In fact, even if Khamenei observed Trump’s Kim summitry and saw an opportunity to exploit the president’s love of pageantry, the fact that Trump walked away from the latest summit in Hanoi without offering sanctions relief highlights the risks of this path for Iran’s leadership. The Iranians have so far refused repeated overtures from the Trump administration, and in the wake of Hanoi, it’s not clear they could achieve quick concessions just by agreeing to meet with Trump.

Sadjadpour pointed out that Iran has very little leverage to get such concessions: “The United States amasses leverage with economic sanctions. Iran amasses leverage by restarting its nuclear activities and threatening regional chaos … Iran is just starting to amass leverage with escalation.”

Iran has kept observing the terms of the nuclear deal that the Trump administration left, though this week, Iranian President Hassan Rouhani threatened to pull back from some elements, including by increasing Iran’s stockpile of enriched uranium. Iran, unlike North Korea, possesses neither nuclear weapons nor intercontinental ballistic missiles. What it does have is many potential means to harass U.S. forces and assets in the Middle East. It could also try to pressure the other signatories to the Iran deal, all of whom are still party to it besides the United States, to side with it to preserve the deal. That in fact was the explicit aim of Rouhani’s threat this week, in which he gave European countries 60 days to help Iran economically—which would involve those countries facing U.S. sanctions—or else he would take more steps to dismantle the deal.

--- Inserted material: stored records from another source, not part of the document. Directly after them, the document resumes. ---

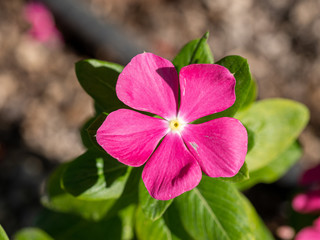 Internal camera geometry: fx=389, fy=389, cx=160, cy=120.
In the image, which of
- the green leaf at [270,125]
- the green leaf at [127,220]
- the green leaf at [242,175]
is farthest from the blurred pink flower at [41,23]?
the green leaf at [242,175]

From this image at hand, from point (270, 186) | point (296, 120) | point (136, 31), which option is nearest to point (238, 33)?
point (136, 31)

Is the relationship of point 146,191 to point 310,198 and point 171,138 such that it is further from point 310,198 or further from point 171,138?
point 310,198

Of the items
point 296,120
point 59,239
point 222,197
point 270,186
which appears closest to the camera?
point 222,197

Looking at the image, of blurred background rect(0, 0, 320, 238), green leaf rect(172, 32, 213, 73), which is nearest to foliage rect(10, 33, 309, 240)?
green leaf rect(172, 32, 213, 73)

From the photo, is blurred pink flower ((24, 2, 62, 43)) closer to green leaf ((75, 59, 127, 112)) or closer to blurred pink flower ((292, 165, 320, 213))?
green leaf ((75, 59, 127, 112))

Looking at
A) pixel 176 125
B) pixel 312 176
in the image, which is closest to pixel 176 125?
pixel 176 125

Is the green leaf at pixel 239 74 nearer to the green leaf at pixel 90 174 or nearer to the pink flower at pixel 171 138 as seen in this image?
the pink flower at pixel 171 138

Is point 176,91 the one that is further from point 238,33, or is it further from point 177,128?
point 238,33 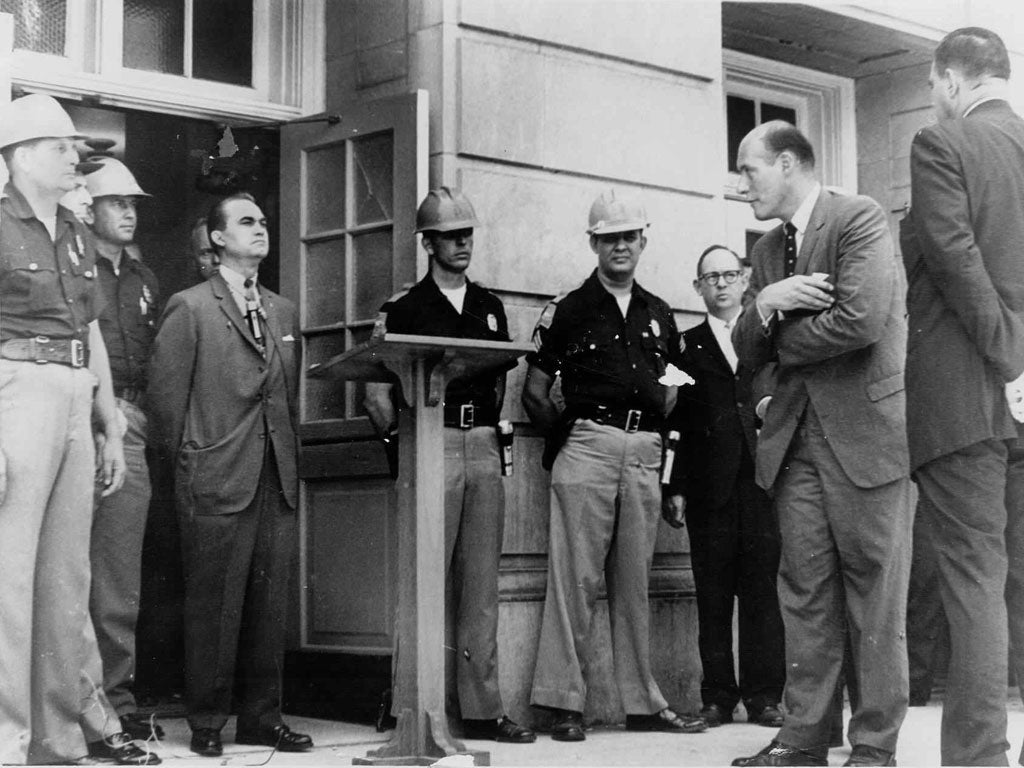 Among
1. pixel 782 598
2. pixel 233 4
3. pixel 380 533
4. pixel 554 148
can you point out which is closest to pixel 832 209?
pixel 782 598

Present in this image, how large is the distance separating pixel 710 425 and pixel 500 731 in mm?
1784

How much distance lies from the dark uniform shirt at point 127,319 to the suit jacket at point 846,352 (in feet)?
8.39

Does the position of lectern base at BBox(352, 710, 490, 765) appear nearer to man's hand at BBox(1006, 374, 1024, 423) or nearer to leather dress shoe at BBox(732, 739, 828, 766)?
leather dress shoe at BBox(732, 739, 828, 766)

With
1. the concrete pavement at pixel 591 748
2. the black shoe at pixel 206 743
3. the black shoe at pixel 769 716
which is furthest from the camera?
the black shoe at pixel 769 716

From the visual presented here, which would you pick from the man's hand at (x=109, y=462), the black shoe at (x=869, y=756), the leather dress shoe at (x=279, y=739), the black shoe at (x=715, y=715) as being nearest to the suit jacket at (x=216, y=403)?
the man's hand at (x=109, y=462)

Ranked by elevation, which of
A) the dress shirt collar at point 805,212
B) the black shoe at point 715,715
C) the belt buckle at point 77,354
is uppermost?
the dress shirt collar at point 805,212

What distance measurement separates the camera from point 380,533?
6.80m

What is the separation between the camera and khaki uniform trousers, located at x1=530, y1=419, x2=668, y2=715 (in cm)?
661

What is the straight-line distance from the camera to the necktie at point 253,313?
630 cm

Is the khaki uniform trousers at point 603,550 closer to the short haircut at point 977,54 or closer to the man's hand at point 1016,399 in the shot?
the man's hand at point 1016,399

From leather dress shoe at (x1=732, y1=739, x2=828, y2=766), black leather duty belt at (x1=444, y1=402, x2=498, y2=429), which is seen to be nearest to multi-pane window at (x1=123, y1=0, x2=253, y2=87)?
black leather duty belt at (x1=444, y1=402, x2=498, y2=429)

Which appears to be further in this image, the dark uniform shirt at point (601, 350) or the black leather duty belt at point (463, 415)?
the dark uniform shirt at point (601, 350)

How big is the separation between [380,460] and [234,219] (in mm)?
1255

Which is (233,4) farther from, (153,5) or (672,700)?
(672,700) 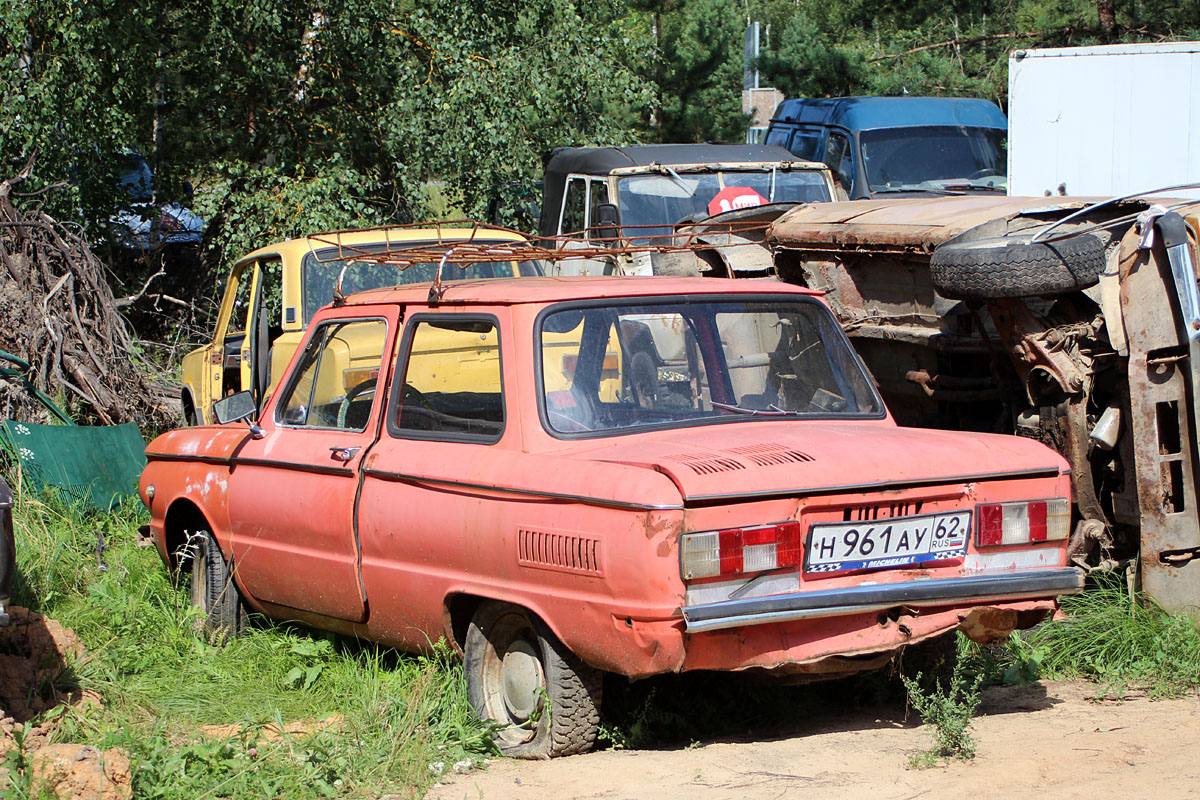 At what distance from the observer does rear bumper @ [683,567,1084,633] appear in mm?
3664

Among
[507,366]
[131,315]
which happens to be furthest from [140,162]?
[507,366]

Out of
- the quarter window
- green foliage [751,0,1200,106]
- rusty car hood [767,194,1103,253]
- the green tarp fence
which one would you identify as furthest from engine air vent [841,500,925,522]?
green foliage [751,0,1200,106]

Yet even this was a fairly modest threat, and it came a full year after Trump withdrew from the nuclear deal, Suzanne Maloney, an Iran expert at the Brookings Institution, told me. If Iran’s intent is to split the Americans and the Europeans, the administration is betting that in the end, its allies won’t risk American sanctions to do business with a country they have little trade with anyway.

“I think what we see in all of this—and it’s reassuring in some respects; it creates other problems in others—is that Iran doesn’t have very many good options for managing the pressure that it’s been put under, and for retaliating in a way that actually advances its own interests,” Maloney said.

Which doesn’t mean negotiation is the solution it’ll seek. The tentative achievements of Trump’s negotiations with Kim, namely a lowering of tensions and a moratorium on nuclear and missile testing, have begun to unravel as Kim has resumed missile launches. Kim retains an arsenal of nuclear weapons and intercontinental ballistic missiles just as big as the one he had during the “fire and fury” days of two summers ago; the United States retains sanctions just as severe.

For Khamenei’s part, meanwhile, his economy is suffering, and the more Trump offers negotiations, the more the supreme leader himself appears to Iranians to be the obstacle to economic relief, Sadjadpour said. “Eighty million Iranians right now are being crushed under economic sanctions and massive mismanagement and corruption,” he said. “If they believe that talking to Donald Trump would ameliorate their day-to-day economic struggles, they’re not going to oppose that on principle.” The problem is that they’re not the ones who get to decide—the supreme leader does.